Painting by Berthe Morisot

The Psyche Mirror, original French title La Psyché, is an oil-on-canvas painting by the French artist Berthe Morisot, created in 1876. The painting links the theme of a woman making her toilet with the mythical motif of Psyche. The work is held in the Thyssen-Bornemisza Museum, in Madrid.

==History==
Women in their toilets were often the subject of Morisot's paintings. Four of the eight paintings that she made in 1876 depicted that theme, including The Psyche Mirror. She exhibited the work, together with Young Woman Powdering Her Face (1876), at the third Impressionist exhibition, in 1877. The second painting was purchased during the exhibition by the collector and patron Ernest Hoschedé. When it was later auctioned, American painter Mary Cassatt, who felt a strong affinity with Morisot's themes and style, bought it.

==Description==
Morisot's The Psyche Mirror shows a young woman looking at herself in a large psyche mirror. It appears in the painting placed between two windows, while the whole scene is bathed in light. The young woman is completely absorbed in her own contemplation. She seems to be undressing, undoing a fastener at the back of her corset, and one sleeve is already slipping over her shoulder.

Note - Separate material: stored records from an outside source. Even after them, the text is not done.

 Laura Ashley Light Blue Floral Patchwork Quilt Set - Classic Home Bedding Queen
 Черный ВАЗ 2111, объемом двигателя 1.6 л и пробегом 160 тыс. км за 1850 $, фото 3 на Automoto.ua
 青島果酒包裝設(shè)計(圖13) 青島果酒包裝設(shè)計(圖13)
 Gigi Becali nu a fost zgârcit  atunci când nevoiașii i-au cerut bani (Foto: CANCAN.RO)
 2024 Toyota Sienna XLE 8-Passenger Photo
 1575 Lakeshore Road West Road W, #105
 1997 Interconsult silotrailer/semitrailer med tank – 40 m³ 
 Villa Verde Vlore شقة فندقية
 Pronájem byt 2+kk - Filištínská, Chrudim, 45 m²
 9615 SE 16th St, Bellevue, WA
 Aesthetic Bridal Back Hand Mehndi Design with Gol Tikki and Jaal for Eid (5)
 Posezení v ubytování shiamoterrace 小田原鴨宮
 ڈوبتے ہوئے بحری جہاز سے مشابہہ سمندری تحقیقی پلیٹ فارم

As always, Morisot applies the brushstrokes very loosely. Stripes and specks draw the pattern of the floor covering. Attributes, such as the mirror and the sofa on the right, are out of focus. The large mirror with the high frame, which is cut through the top of the painting, gives the impression of a painting within a painting, also in a vagueness reminiscent of Edgar Degas's depictions of ballerinas.

==Analysis==
At first sight, the connection between Morisot's painting and the Greek myth of Psyche seems to be far-fetched. The woman depicted does not really come across as someone from the Greek mythology. There is no trace of her beloved Amor either. Nevertheless, at the time when Morisot made this work, the current image was closely associated with her maker. Morisot had married Eugène Manet, younger brother of the painter Édouard Manet, in 1874. She had just entered a new phase in her life, where she would try to reconcile her existence as a wife and later as a mother with being an artist, which would cost her a lot of effort.

As in so many of her works, Morisot tries to touch the deeper female 'psyche' in her work. She believed that female artists were better able to do this than men. In 1890 she wrote in her diary: "The truth is that our strength lies in the feeling, in intuition, in our gaze, which is more delicate than men's. We can calculate anything, as long as we don't spoil everything with clumsiness, pedantry, and sentimentality. I would like to continue working until I die. I wish others wouldn't give me such a hard time."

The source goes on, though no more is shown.